The Cost Of ATI Kernel Mode-Setting On Fedora 12

Written by Michael Larabel in Display Drivers on 25 November 2009 at 05:00 AM EST. Page 1 of 3. 34 Comments.

One of the articles on Phoronix last week was entitled Intel Linux Graphics Shine With Fedora 12, which showed off the nice state of Intel graphics on this latest Red Hat release when it came to kernel mode-setting and its 3D stack with it working well "out of the box" and offering some nice performance gains over the earlier Fedora 10 and Fedora 11 releases. While the Intel stack may be improved in Constantine, the ATI support has taken a hit, as users were quick to point out in response to last week's article. In particular, when using the ATI kernel mode-setting driver in Fedora 12 (which is the default for pre-R600 hardware), there is a large performance discrepancy compared to using the traditional user-space mode-setting for ATI Radeon hardware. Today we are looking at what exactly the performance cost is for using ATI KMS in this new release.

Fedora has been shipping ATI kernel mode-setting support for the R500 series going back to the Fedora 10 release. ATI kernel mode-setting support did not appear in the mainline Linux kernel until recently when it entered the Linux 2.6.31 kernel as a staging driver, where it continues to remain today. Internally the ATI kernel mode-setting code is dependent upon TTM, which also entered the Linux 2.6.31 kernel. Kernel mode-setting and 3D support for the newer ATI R600/700 (Radeon HD 2000, 3000, 4000 series) has been actively under development for some months and can now be found in the "master" branches for most of the code repositories. However, this support is not enabled by default in Fedora 12 for the R600/700 series but will be with Fedora 13. Users though can easily enable R600/700 3D in Fedora 12, which has worked out well for many users. Fedora 12 is shipping with the Linux 2.6.31.5 kernel, X Server 1.7.1, xf86-video-radeon 6.12.99, and Mesa 7.7-devel.

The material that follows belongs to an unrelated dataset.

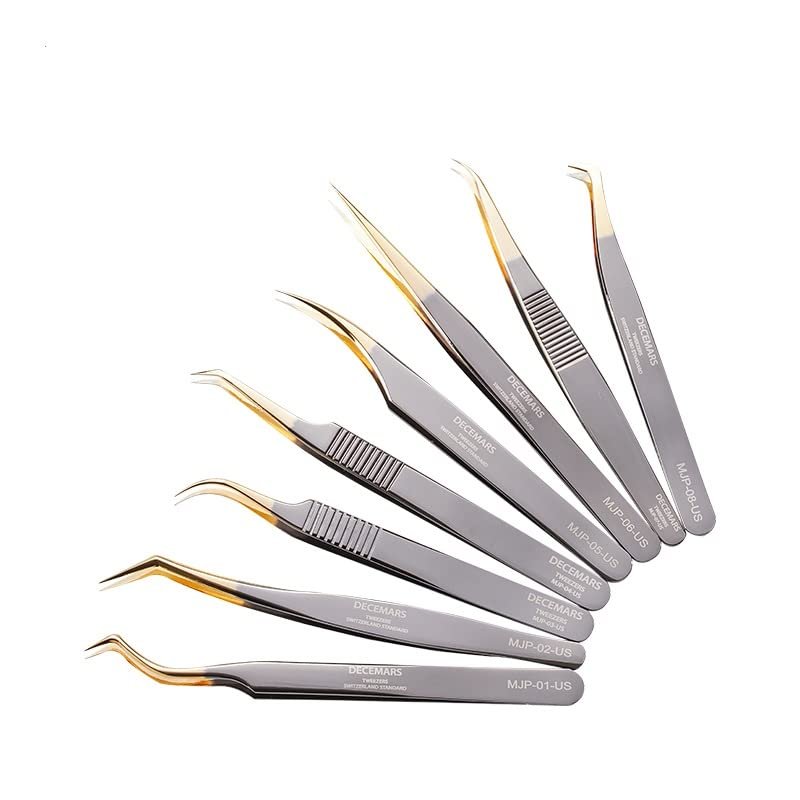 DeceMars Eyelash Extensions Tweezers for Lash Artists (MJP-04-US)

To see what some ATI Fedora users have been complaining about with kernel mode-setting killing their 2D and 3D performance in this release, we ran a set of tests on Fedora 12 (x86_64) using the stock kernel mode-setting configuration and then again when forcing Fedora 12 to use the traditional user-space mode-setting paths (by passing nomodeset to GRUB). An easy way to see whether you are using kernel mode-setting is by seeing whether or not Plymouth is displaying a nice splash screen during the boot process or if it has reverted to its fail-safe progress bar. For some of the tests we also have the results from Fedora 10 with its initial 3D/KMS support for the R500 series on the same system. Fedora 11 results were not gathered due to errors. Like always, the rest of the clean Fedora installations were left in their stock configurations.

The hardware we ran for this round of ATI Fedora 12 testing included an AMD Phenom II X3 710, an ECS A785GM-M v1.0 motherboard, 2GB of DDR3 system memory, a 64GB OCZ Agility EX SSD, and then an ATI Radeon X1800XT 256MB (R520) graphics card. With this hardware the tests we ran included 1080p H.264 video playback, Urban Terror, World of Padman, and the Unreal Tournament 2004 Demo. This should provide a quick look at how the 3D performance is in Fedora 12 for ATI Radeon R500 hardware under both kernel and user-space mode-setting paths. Of course, all of this testing was done under the Phoronix Test Suite.